En la cruz, Jesús consuma su sacrificio
El "amor hasta el extremo" (Jn 13,1) es el que confiere su valor de redención y de reparación, de expiación y de satisfacción al sacrificio de Cristo. Nos ha conocido y amado a todos en la ofrenda de su vida. "El amor de Cristo nos apremia al pensar que, si uno murió por todos, todos por tanto murieron" (2 Co 5,14). Ningún hombre aunque fuese el más santo estaba en condiciones de tomar sobre sí los pecados de todos los hombres y ofrecerse en sacrificio por todos. La existencia en Cristo de la persona divina del Hijo, que al mismo tiempo sobrepasa y abraza a todas las personas humanas, y que le constituye Cabeza de toda la humanidad, hace posible su sacrificio redentor por todos.
"Por su sacratísima pasión en el madero de la cruz nos mereció la justificación", enseña el Concilio de Trento subrayando el carácter único del sacrificio de Cristo como "causa de salvación eterna" (Hb 5,9). Y la Iglesia venera la Cruz cantando: "Salve, oh cruz, única esperanza"; Añadidura litúrgica al himno "Vexilla Regis": Liturgia de las Horas.

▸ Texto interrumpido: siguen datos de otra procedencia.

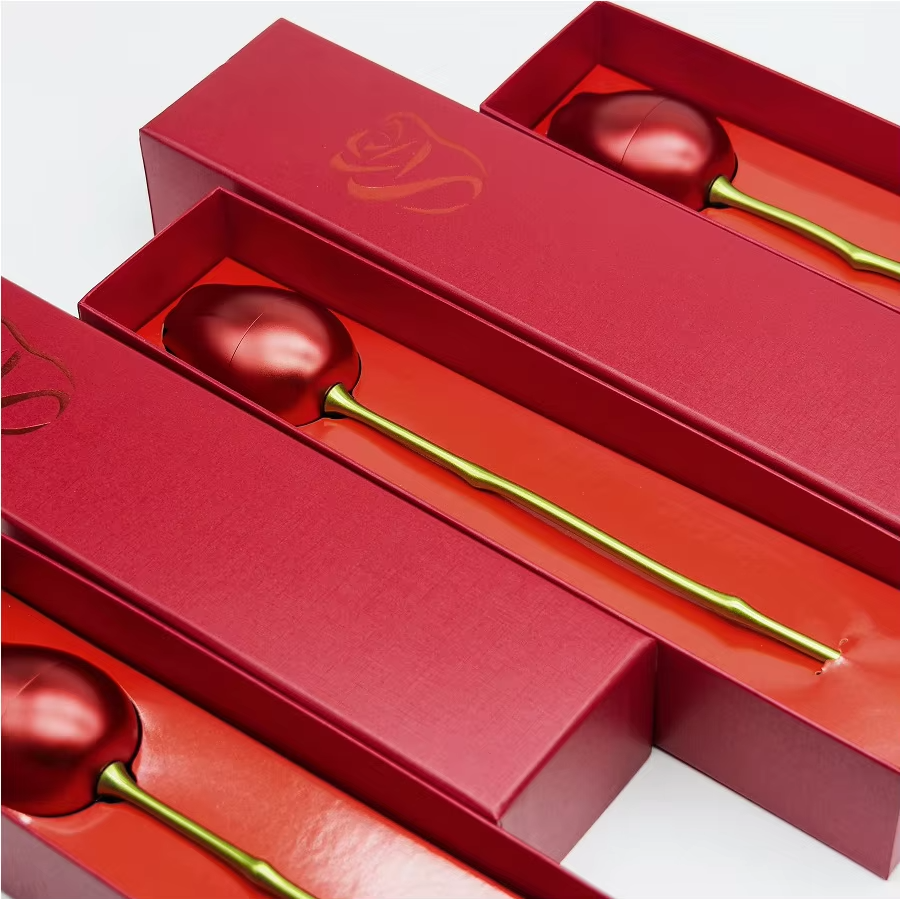 Naszyjnik z wisiorkiem w kształcie serca z linii róż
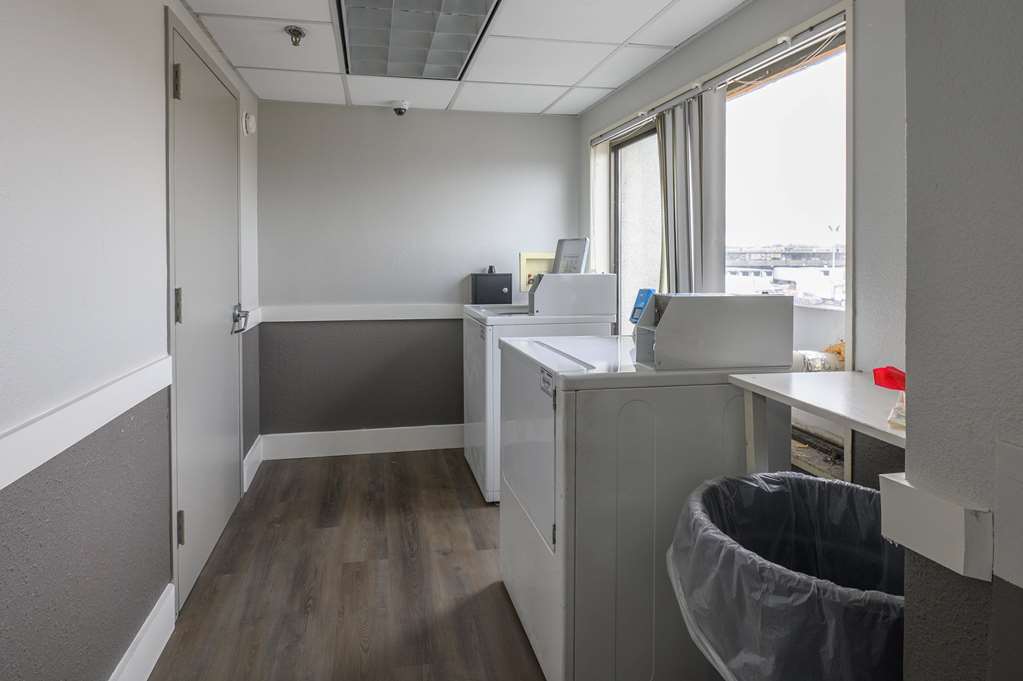 La Quinta Inn & Suites by Wyndham New Haven - photo 34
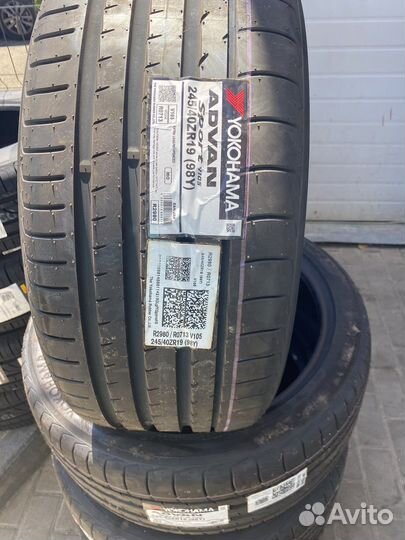 Yokohama Advan Sport V105 245/40 R19 98Y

Nuestra participación en el sacrificio de Cristo
La Cruz es el único sacrificio de Cristo "único mediador entre Dios y los hombres" (1 Tm 2,5). Pero, porque en su Persona divina encarnada, "se ha unido en cierto modo con todo hombre". Él "ofrece a todos la posibilidad de que, en la forma de Dios sólo conocida se asocien a este misterio pascual" (Gadium et spes). Él llama a sus discípulos a "tomar su cruz y a seguirle" (Mt 16,24) porque Él "sufrió por nosotros dejándonos ejemplo para que sigamos sus huellas" (1 P 2,21). Él quiere, en efecto, asociar a su sacrificio redentor a aquellos mismos que son sus primeros beneficiarios. Eso lo realiza en forma excelsa en su Madre, asociada más íntimamente que nadie al misterio de su sufrimiento redentor:
«Esta es la única verdadera escala del paraíso, fuera de la Cruz no hay otra por donde subir al cielo» (Santa Rosa de Lima).